This experience taught me something crucial: mental load doesn't take a summer vacation. For working mothers, it actually intensifies, and the stakes feel higher than ever.

The Reality Behind "Easier" Summer

Summer may look more relaxed on the surface, but for working mothers, it often creates what I call the "summer squeeze", more personal logistics to manage while professional expectations remain unchanged.

While you're coordinating camp schedules around client meetings and managing pickup logistics between calls, your colleagues without children are taking on visible projects and building relationships. The result? You're working harder than ever, but it's largely invisible work that doesn't advance your career.

You're likely managing situations like:

  • Camp schedules that conflict with your most important meetings.
  • Backup childcare arrangements when regular options aren't available.
  • The mental energy required to appear "seamlessly professional" while juggling summer chaos.
  • Missing networking opportunities because of evening activity commitments.
  • Taking work calls from the camp parking lot.

This summer squeeze becomes especially intense during what I call the "transition weeks." I usually feel it most during those in-between periods, when school has ended but camp hasn't started, or when camp has ended but school hasn't begun.
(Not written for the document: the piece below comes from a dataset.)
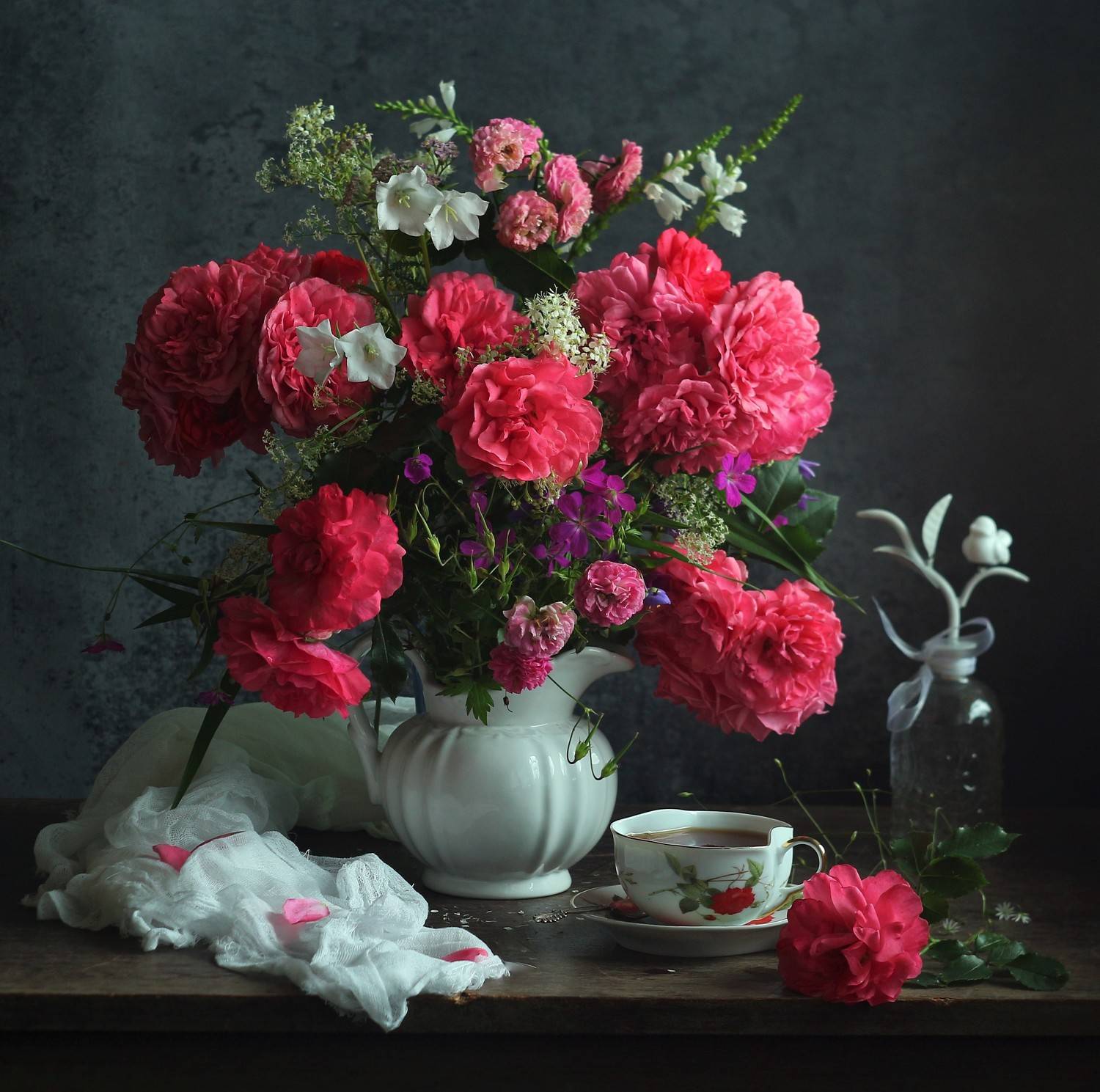 , Людмила Хрусталева*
You have this week or two where the kids are home, you've got nothing scheduled for them, no daycare, and they're just on top of you wanting attention, wanting snacks, watching what feels like too much screen time, all while you're navigating work deadlines and projects.

While I don't think I've ever had to completely abandon a work project because my kids were home, I've definitely felt those familiar pangs of "I should've just taken this week off" or "Why didn't I schedule something for the kids? They're going to be so bored, and I'm never going to get through this week managing both work and kids." These moments reveal how the mental complexity of summer doesn't actually decrease, it shifts and often multiplies. Here's why your brain feels this so intensely:

The Science Behind Summer Mental Overload

To understand why summer feels so cognitively demanding, we can look to Cognitive Load Theory. Developed by educational psychologist John Sweller, this theory shows that our brains have limited capacity for processing information. When that capacity is consistently maxed out by planning, coordinating, and decision-making, we experience mental fatigue that directly impacts our performance, both personally and professionally.
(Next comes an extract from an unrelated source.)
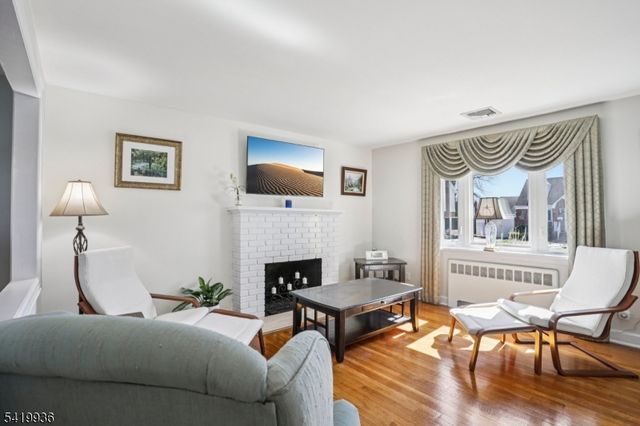 41 Taggart Way, Saddle Brook Twp., NJ 07663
Think of your brain like a computer running too many programs at once. Summer doesn't close existing applications; it opens new ones:

  • Which camps align with work schedules?
  • What's the backup plan when childcare falls through?
  • How do I maintain client relationships while managing increased family demands?
  • Can I take on that stretch assignment if summer logistics are already overwhelming?

A 2021 study in the Journal of Applied Psychology found that people carrying high mental loads showed decreased cognitive performance and significantly higher emotional exhaustion. Additional research from Harvard Business Review shows that this cognitive overload particularly impacts women in leadership roles, who report 23% higher stress levels during school breaks while maintaining identical professional output expectations. For working mothers, this creates a particularly challenging cycle during summer months.

Understanding Mental Load vs. Energy Drain

It's helpful to distinguish between mental load (the cognitive weight of invisible coordination) and energy drain (the emotional and physical toll of managing that load while maintaining professional standards).

Mental load includes all those background processes: remembering, planning, anticipating needs, coordinating schedules. Energy drain is what happens when you're running those processes constantly while also trying to show up fully at work.

The two feed each other. High mental load reduces your capacity for strategic thinking and creativity at work. The pressure to perform professionally despite internal chaos creates additional stress that further depletes your mental resources.

Your Summer Strategy: Practical Steps That Actually Work

If you're feeling the summer squeeze, here's a research-backed approach that acknowledges both the need for systems and the reality of constant adjustments:

  1. Make the Invisible Visible

Start by documenting what you're actually managing:

  • Track your mental tabs: For one week, jot down every summer-related task you think about or coordinate.
  • Note the work impact: When do summer logistics interrupt or compromise your professional focus?
  • Identify patterns: Are there specific times, days, or types of conflicts that consistently drain you?

This tracking exercise can be eye-opening. When I started documenting my own mental load, I was shocked to realize how many things I was saying yes to that were making me say no to more important priorities, like quality time with my family and kids, while also draining the life out of me. The awareness was the first step toward change. Once I finally realized I could say no and built up the courage to create boundaries, I stopped giving my time and energy away to commitments that didn't fill my bucket or positively impact my kids.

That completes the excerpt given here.